Posted: June 23, 2014 in Uncategorized

Something that I never before dreamt would ever happen to me, has happened. I’ve had a son! My wife Joy gave birth to our son Joshua on the 7th of May, after a very long labour, which saw us both completely exhausted by the end.

He’s gorgeous and I think of him every second I’m awake, and then even in my sleep.

Obviously, sticking to the nature of this blog, I have to put a few geek related thoughts to all this.

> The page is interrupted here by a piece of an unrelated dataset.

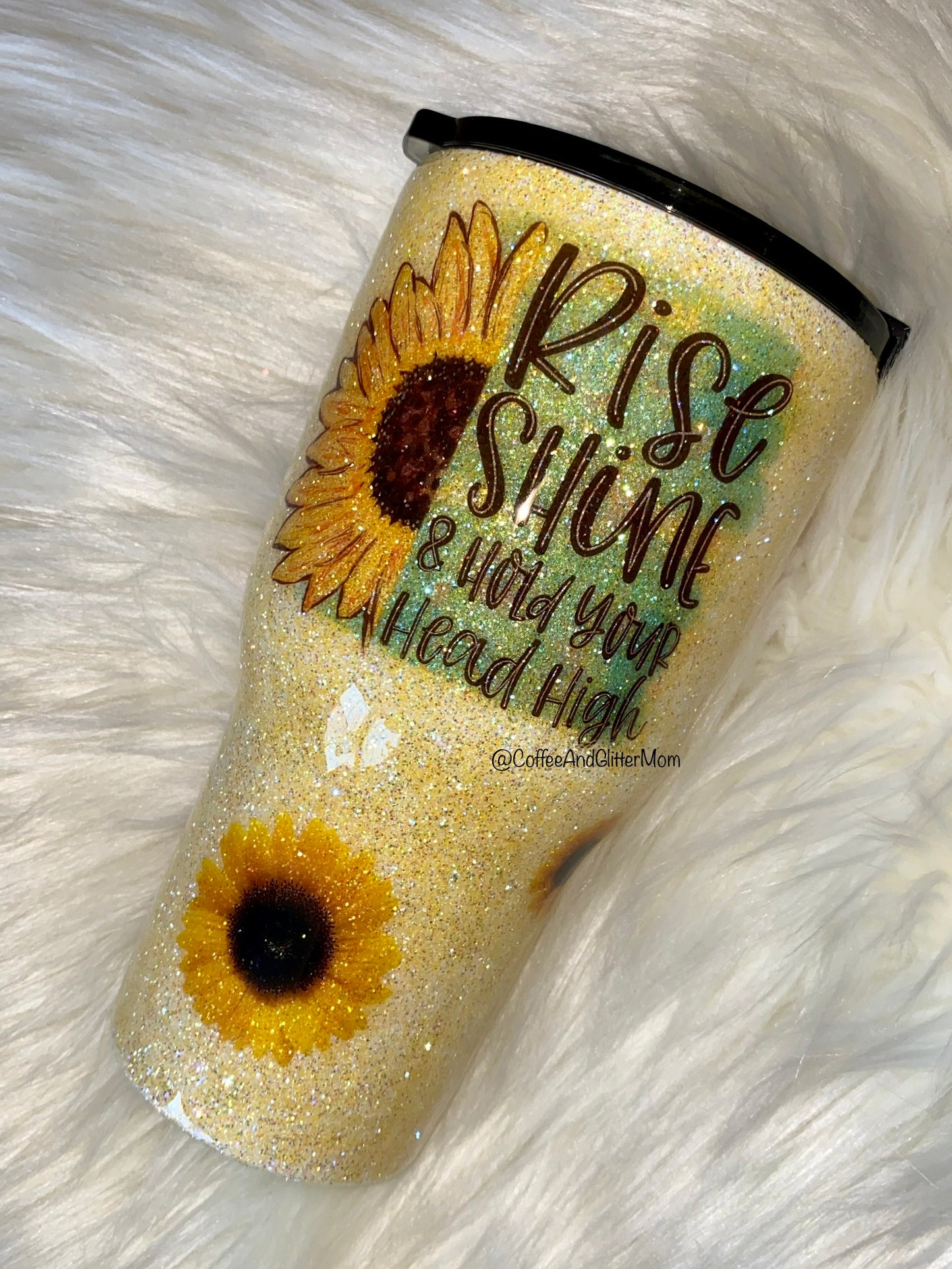 Rise and Shine Sunflower 20oz Rtic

The first thought really is looking at how far computing has advanced since I was born to when Joshua has been born is remarkable. When I was born, it was 1980. The home computer at the time was the Spectrum ZX 80, it was a 3 mhz machine with 1 kb of RAM and no storage. Now, the average home computer you buy has 8gb of RAM, an 8 million times increase! A quad core 3 ghz processor, 12 thousand times increase! Not including additional support processors like GPUs, sound cards and math co-processors! In 1980, the way to store programs at home was on tape cassette, which allowed for maybe 200kb on each side of the tape, today we have home computers with 2tb hard disks, this is a “10 million” times increase in storage! And obviously the access speed is much faster too.

Graphics wise, in 1980 we had games like battlezone, asteroids, and I think maybe tempest and pacman. Now we have games like Forza, Elite Dangerous, World of Warcraft, and Grand Theft Auto 5.

Other than those figures, network speed has gone from simple 2400 baud modems to 100mbit cable connections and even 1gig connections in some towns in South Korea and the US. 2400  baud is about 2.4k/sec 100mbit is approx 50,000 time faster.

So let’s project forward, let’s even assume that the number won’t increase as much and bring it back a little, so lets assume 1/4 of the increase in numbers by the time Joshua is 20 years old.

Speed: 12,000×1/4 = 3000x increase = quad 9terrahertz processors

Memory: 8 millionx1/4 = 2 million times increase = 8gb x 2million = 16 petabytes (petabyte = 1 million gigabytes)

Network speed = 100mbit x 12,000 = 1.2 terrabit connections at the lowest latency possible

Graphics = Real life quality

 

The only thing that’s not really changed much is the input and output methods. Most people today, still enter information into a computer using a keyboard and view information on a flat 2D monitor. Even the mouse hasn’t really changed over the last 30 years. It’s disappointing, but with the surge in interest in Virtual reality systems this last few years, this will hopefully change.

The book, “Ready player one” talks about a future where school children use virtual reality to go to school and learn subjects in virtual environments. this is the future I hope Josh will experience, his science lessons will be amazing, photo realistic graphics exploring the universe down to the depths of the Earth. He experience history by virtually visiting historical events and watching them like he was there. He’ll be able to visit friends where ever they are in the world, feel like they are in the same room and even shake hands with each other! Whether this will be by using a headset or a neural interface I don’t know, but it’s coming.

I’ve got to say, I’m sort of jealous of the world Joshua’s been born into, tech wise. I can’t imagine the way things will develop beyond what we currently have in science fiction, but my dreams of virtual reality helmets and video conferencing will seem stone age to him.